Die nordrhein-westfälische Landesregierung hat aus Sicht der Gewerkschaft Erziehung und Wissenschaft (GEW) keinen überzeugenden Ausweg aus der Bildungsungerechtigkeit. Zu Beginn des neuen Kindergartenjahres und des neuen Schuljahres litten beide Bildungspfeiler weiterhin unter gravierendem Fachkräftemängel, stellte die GEW-Landesvorsitzende Ayla Çelik fest. Allein an den Schulen fehlten derzeit rund 6.000 Lehrkräfte.
Schon für bloßes Mittelmaß fehlen Milliarden
Die Personalsituation und langjährige Unterfinanzierung verfestigten die soziale Schieflage, kritisierte die Gewerkschafterin. Bereits heute liege NRW mit jährlichen Ausgaben von 8.300 Euro pro Schüler um 900 Euro unter dem Bundesdurchschnitt. „Würde die Landesregierung hier nur Mittelmaß anpeilen, wären zusätzliche 2,3 Milliarden innerhalb eines Jahres notwendig“, rechnete Çelik vor. „Wir brauchen einen Bildungsetat, der losgelöst vom Haushalt ist und über zehn Jahre Investitionen absichert.“
Schulministerin Dorothee Feller (CDU) hatte zum neuen Schuljahr mehr Grundschulunterricht in Deutsch und Mathematik angekündigt und flächendeckende Tests zum vorschulischen Sprachstand. Solche eigentlich begrüßenswerten Initiativen liefen ins Leere, wenn es kein Personal gebe, das Förderempfehlungen umsetzen könne, kritisierte Çelik.

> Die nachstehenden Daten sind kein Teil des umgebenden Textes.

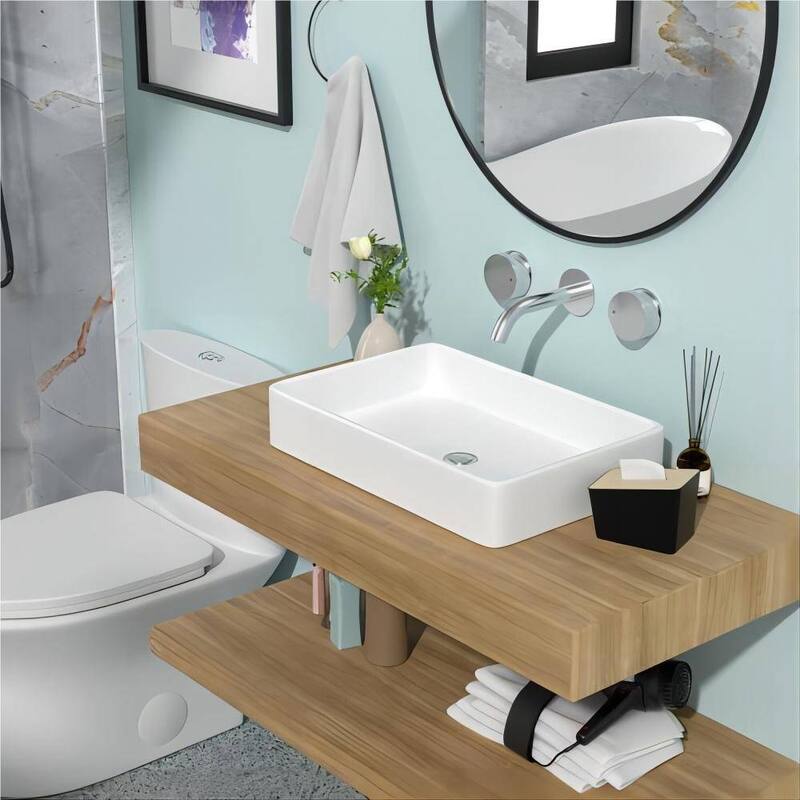Dornberg 24"x16" White Ceramic Rectangular Vessel Bathroom Sink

„Erneut zeigt sich, dass diese Vorhaben nur funktionieren, wenn Beschäftigte über ihre Belastungsgrenze hinausgehen.“ Schon jetzt werde in den Schulen der Mangel verwaltet. Dennoch würden immer mehr Programme von oben in den Trichter gestopft. Zusätzlich die Eltern für vorschulische Förderung in die Pflicht zu nehmen, werde aufgrund der unterschiedlichen sozialen Voraussetzungen zu Hause kein Problem lösen.
GEW: Lieber mit Kindern statt mit dem Rotstift arbeiten
Besser wäre es, die Anzahl der Klassenarbeiten zu reduzieren, schlug die GEW-Vorsitzende vor. Anstatt immer wieder stundenlang mit dem Rotstift über Klassenarbeiten zu sitzen, könnten die Lehrkräfte sich dann mehr mit den Kindern befassen. Zudem müssten die Lehrpläne entrümpelt werden, sagte Çelik.
Darüber hinaus kritisierte sie die umstrittenen Lehrer-Abordnungen an unterversorgte Schulen. Grundsätzlich seien die zwar rechtlich zulässig, brächten jedoch Unsicherheit und Unzufriedenheit in die Lehrerzimmer. So werde der Mangel nicht ursächlich bekämpft, sondern nur verschoben.
In zwei Eilentscheidungen hatte das Verwaltungsgericht Münster in der vorletzten Woche zwei Lehrer-Abordnungen mit der Begründung gestoppt, die Auswahlkriterien seien nicht sachgerecht gewesen.